The example star schema
in
Example Star Schema has four dimension tables (Supplier, Products, Location,
and Time) and one fact table (Sales). The schema has simple indexes
on the SUPPLIER_ID, PRODUCT_CODE, STORE_NUMBER, and SALES_DATE columns
in the Sales fact table.
Consider the following
SQL query to create a January sales report for an organization's
stores that are in North Carolina:
PROC SQL;
select
sum(s.sales_amt) as sales_amt
sum(s.units_sold) as units_sold
s.product)code,
t.sales_month
from
spdslib.sales s,
spdslib.supplier sup,
spdslib.products p,
spdslib.location l,
spdslib.time t
where
s.store_number = l.store_number
and s.sales_date = t.sales_date
and s.product_code = p.product_code
and s.supplier_id = sup.supplier_id
and l.state = 'NC'
and t.sales_date
between '01JAN2005'd and '31JAN2005'd;
quit;
During optimization,
the STARJOIN Planner examines the WHERE clause subsetting in the query
to determine which dimension tables are processed first.
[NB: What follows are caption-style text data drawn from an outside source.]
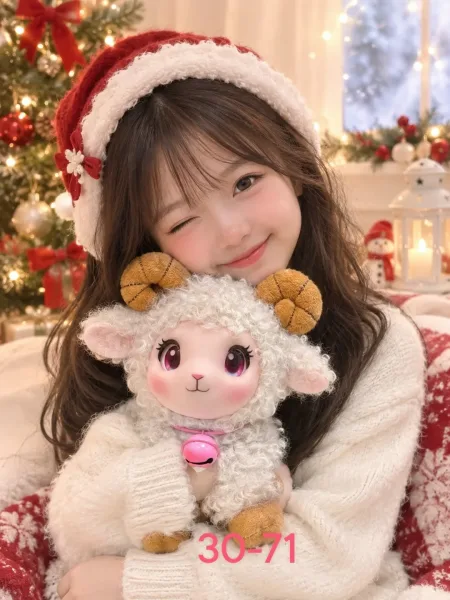 Новогодние игрушки — фото 1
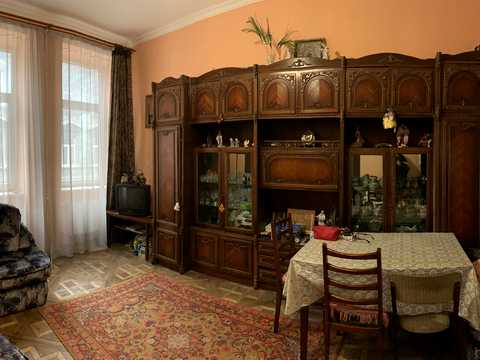 квартира за адресою Шолом-Алейхема вул., 3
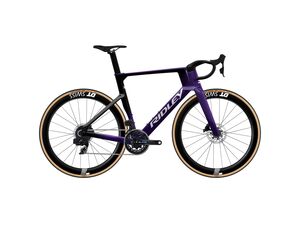 Silniční kolo RIDLEY NOAH Fast Sram Force AXS Amethyst Purple/Black/White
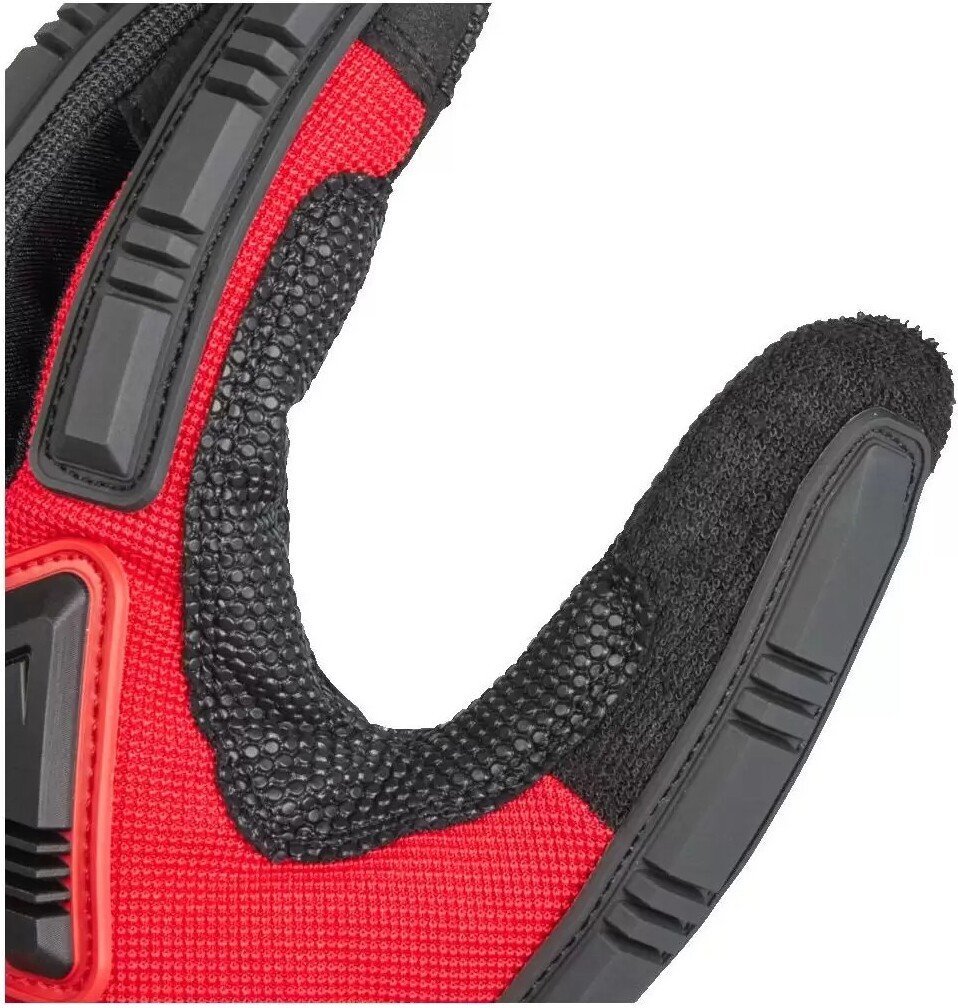 Текстильные перчатки Milwaukee Impact DemoX 9/L 4932498483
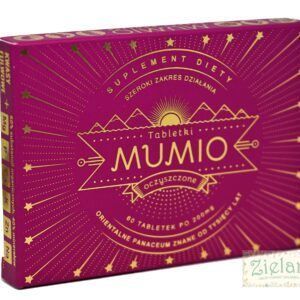 żywe mumio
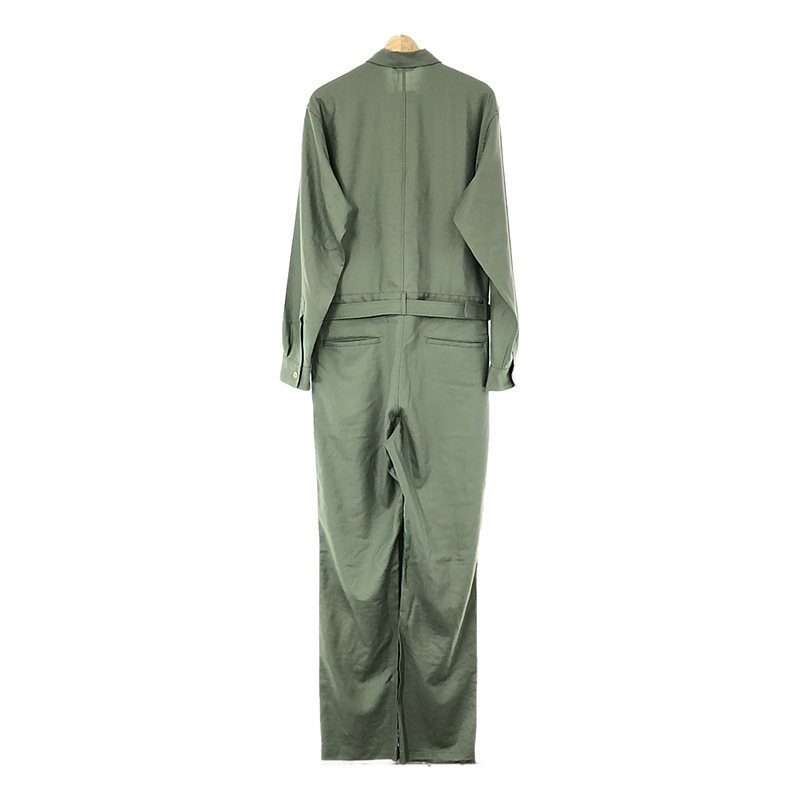 AURALEE / オーラリー DSMG Exclusive Super Light wool jumpsuit ジャンプスーツ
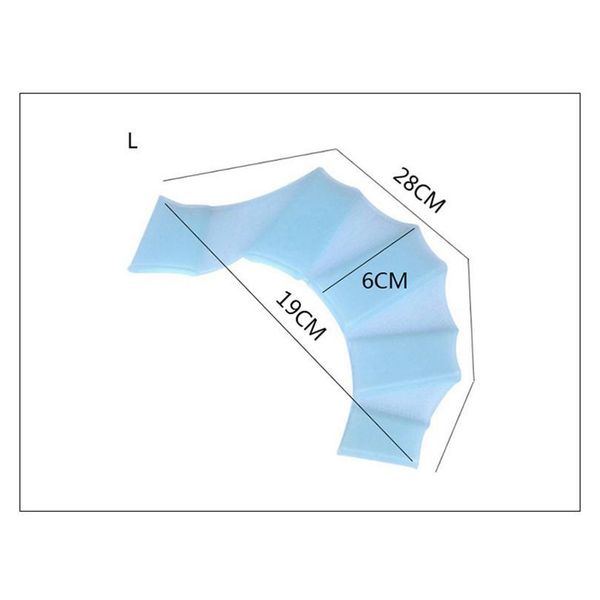 

swim swimming sile gear fins hand webbed pers paddle diving training gloves asd88 swim sqcwcy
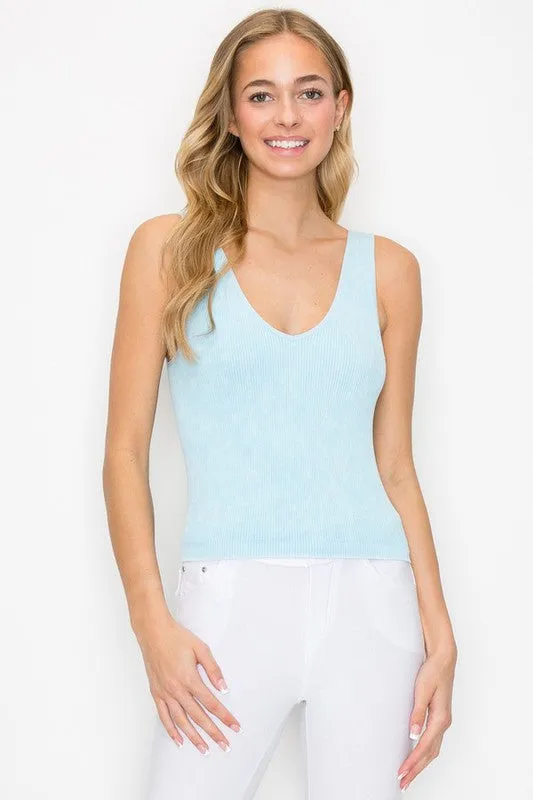 Blair Ribbed Tank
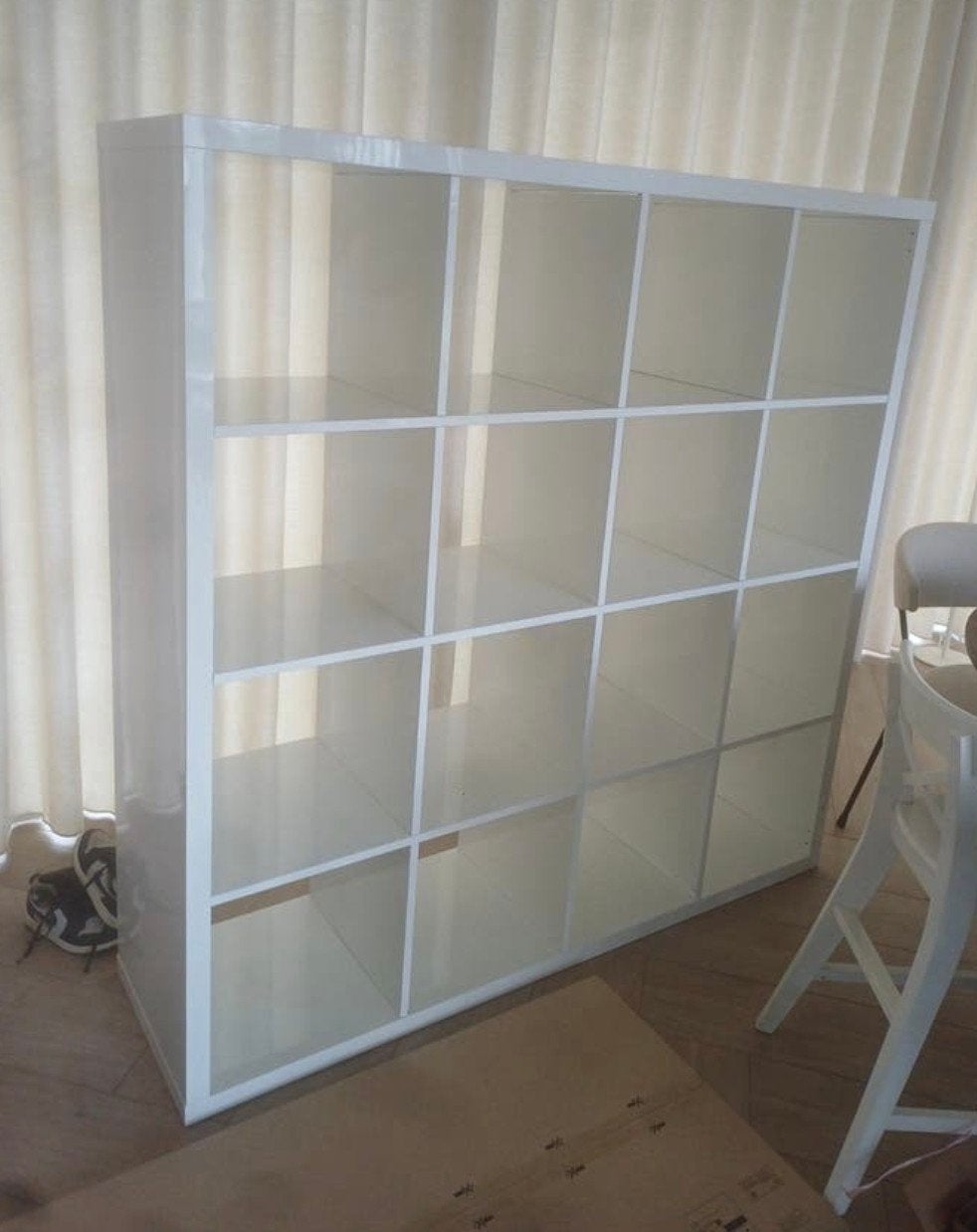 Étagère kallax ikea, Maison & Meubles, Accessoires pour la Maison | Étagères murales & Rayons de bibliothèque, Enlèvement, Neuf
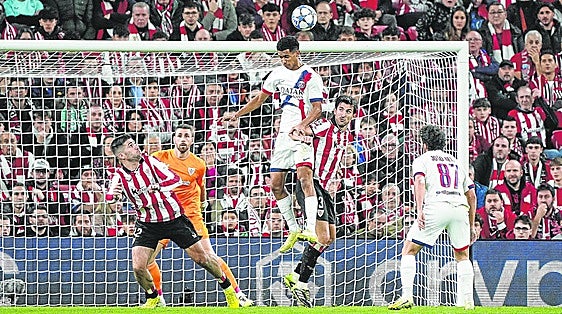 Las claves de la recuperación del Athletic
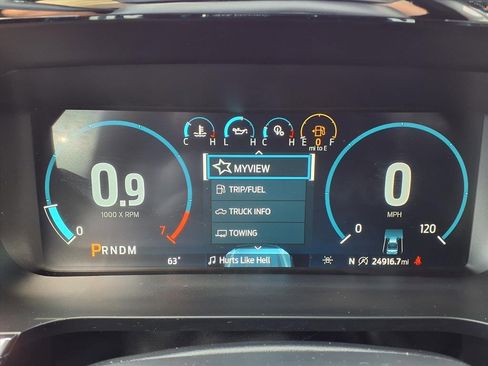 Used 2023 Ford F150 Lariat w/ Equipment Group 502A High image 37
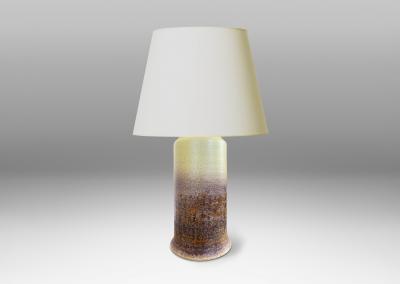  Tilgman KeramiK Brutalist Table Lamp by Tilgmans Keramik
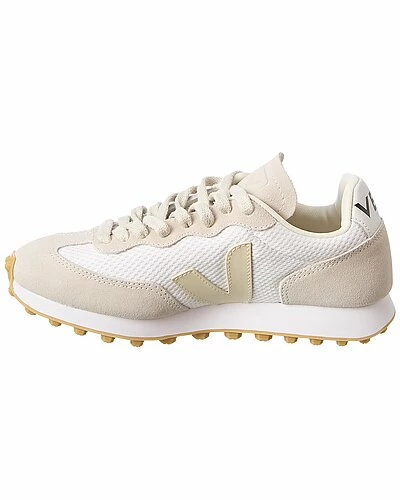 VEJA Rio Branco Suede & Mesh Sneaker Women - Image 2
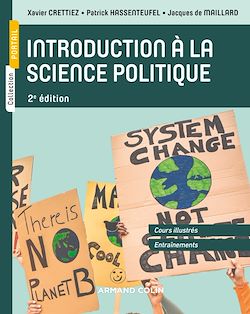 Télécharger le livre :  Introduction à la science politique - 2e éd.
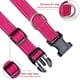thumbnail image 3 of Collar para perros con hebilla ajustable de nailon de seguridad reflectante BOOMIBO, 3 of 8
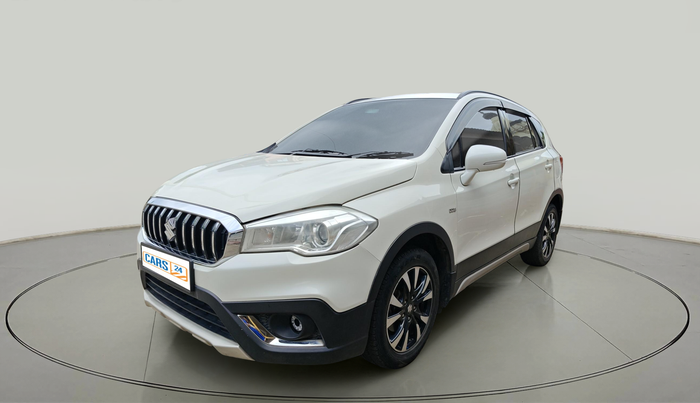 2018 Maruti S Cross ZETA 1.3, Diesel, Manual, 57,654 km, exterior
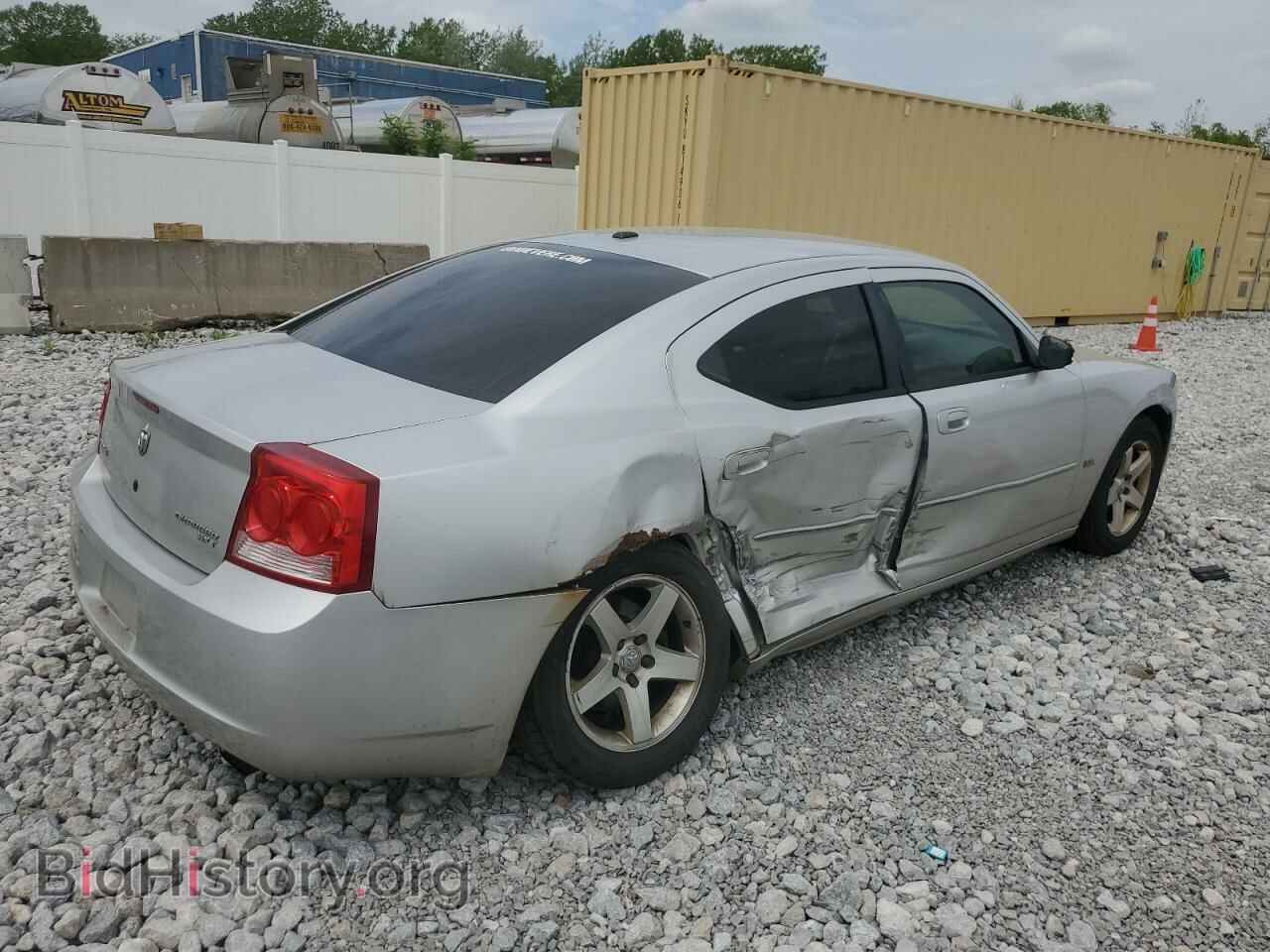 2010 DODGE CHARGER - VIN: 2B3CA3CV1AH286572 - Фото 3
The WHERE clause subsetting
of the STATE column of the Location dimension table (
where
... l.state = 'NC'
) and the subsetting of the
SALES_DATE column of the Time dimension table (
where ...
t.sales_date between '01JAN2005'd and '31JAN2005'd
)
cause SPD Server to process the Location and Time tables first. The
remaining dimension tables, Supplier and Products, are processed second.
The SPD Server STARJOIN
facility uses the first dimension tables to reduce the rows in the
fact table to candidate rows that contain the matching criteria. The
facility uses the values in each dimension table key to create a list
of values that meet the subsetting criteria of the fact table.
For example, the previous
SQL query is intended to create a January sales report for stores
located in North Carolina. The WHERE clause in the SQL code joins
the Location and Sales tables on the STORE_NUMBER column. Suppose
that there are 10 unique North Carolina stores, with consecutively
ordered STORE_NUMBER values that range from 101 to 110. When the WHERE
clause is evaluated, the results will include a list of the 10 North
Carolina store IDs that existed in January 2005.
Because the fact table
and dimension tables for the STORE_NUMBER column have simple indexes,
the STARJOIN facility chooses the IN-SET strategy. The facility subsets
the STATE column values to
'NC'
in
order to build the set of store numbers that are associated with North
Carolina locations. The STARJOIN facility can use the set of North
Carolina store numbers to generate an SQL
where ...
in
expression. SQL uses the
where ... in
expression
to efficiently subset the candidate rows in the fact table before
the final SQL expression is evaluated.